¿Recuerdan
a Jason Patric, ese chico moreno de irada penetrante que en los noventa parecía
que iba a comerse el mundo codeándose con estrellas como Brad Pitt, Dustin
Hoffman, Robert De Niro o Kevin Bacon en Sleepers
y sustituyendo a Keanu Reeves en la secuela de Speed? Pues bien, el chico se ha hecho mayor, ahora tiene la mirada
cansada y se ha debido conformar con ir apareciendo en pantalla de forma
vagamente regular en papeles secundarios y olvidables.
Empiezo
así mi comentario porque quiero constatar que The Prince es una película protagonizada por Jason Patric y sólo
por Jason Patric, por más que una tal Jessica Lowndes (una total desconocida
para mí, aunque parece ser que apareció en ese absurdo remake de Sensación de Vivir) cope casi tantos planos
como él.
The Prince es una historia previsible y tópica de padres con
turbio pasado buscando a sus hijas desaparecidas dispuestos a llevarse por
delante a todo aquel que le impida rescatar a su pequeña. Vamos, de esos papeles
que hace unos años le venían que ni pintados a Mel Gibson y que ahora parecen
reservados para Liam Neeson. El problema es que las películas a las que pueden
evocar este argumento solían ser grandes divertimentos cargados de adrenalina,
alguna dosis de humor y, en ocasiones, hasta con diálogos afortunados, mientras
que esta cosa dirigida por un ineficaz Brian A. Miller, es un cúmulo exagerado
de despropósitos, desde su inicio lento y cansino que nos hace pensar que
estamos ante un telefilm de sobremesa hasta su final excesivo que, en su clímax,
roza la estupidez con un enfrentamiento ridículo y hasta patético con el
villano de turno.
La
película podría definirse como una historia de perdedores. Tanto, que no es
fácil empatizar con ninguno de los personajes, ni el padre atormentado con cara
de pena que en ningún momento consigue ofrecer un atisbo de credibilidad a su
personaje (desde aquí le recomendaría echar un ojo a The Equalizer a ver si aprende de su colega Washington cómo parecer
perdido y duro a la vez), la chica que lo acompaña que duda entre ir de lolita
salida o de vecinita guay y encantadora y, sobre todo, la hija dichosa, una
heroinómana que no inspira en el público ninguna necesidad de proteccionismo
paternal.
Pero
ahí no acaba la cosa. Para culminar el grupito de losers nos encontramos con dos perdedores de altísimo nivel. Y no
me estoy refiriendo a ningún personaje de la historia, sino a los actores que
los interpretan, dos decadentes estrellas de Hollywood a los que llegué a
admirar hasta el infinito y que en cada nueva película parecen empeñados en lanzar
sus carreras por la taza del wáter. Y eso que sus aportaciones en este film son
tan mínimas (y aun así espantosas) como destacables en el poster promocional
(de ahí mi insistencia de resaltar que Patrick es el prota único y verdadero).

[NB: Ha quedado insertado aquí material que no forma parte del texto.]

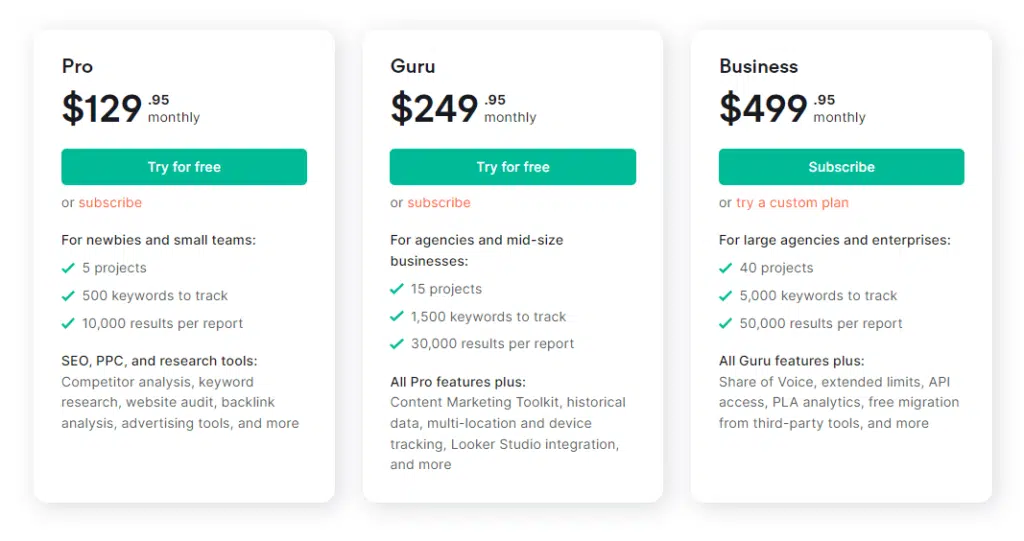 SEMRUSH Pricing - semrush keyword magic tool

Y es que estoy refiriéndome, ni más ni menos, que a Bruce Willis y John Cusack,
que me revuelven el estómago además de partirme el alma cada vez que aparecen
en escena.
Pese
a todo, y una vez rebajadas al mínimo las exigencias, la película tiene un
punto de acción que aspira a entretener mínimamente, lo cual no la convierte en
una ruina total pese a lo desafortunado de su final. No consiguen ser una de
esas pelis de justicieros memorables a los que antes me he referido pero sí
habría servido para pasar el rato entremezclada con esas cutreces de serie B de
finales de siglo cuando los videoclubs ofrecían una segunda oportunidad a esos
títulos que no conseguían (ni merecían) su éxito en cines.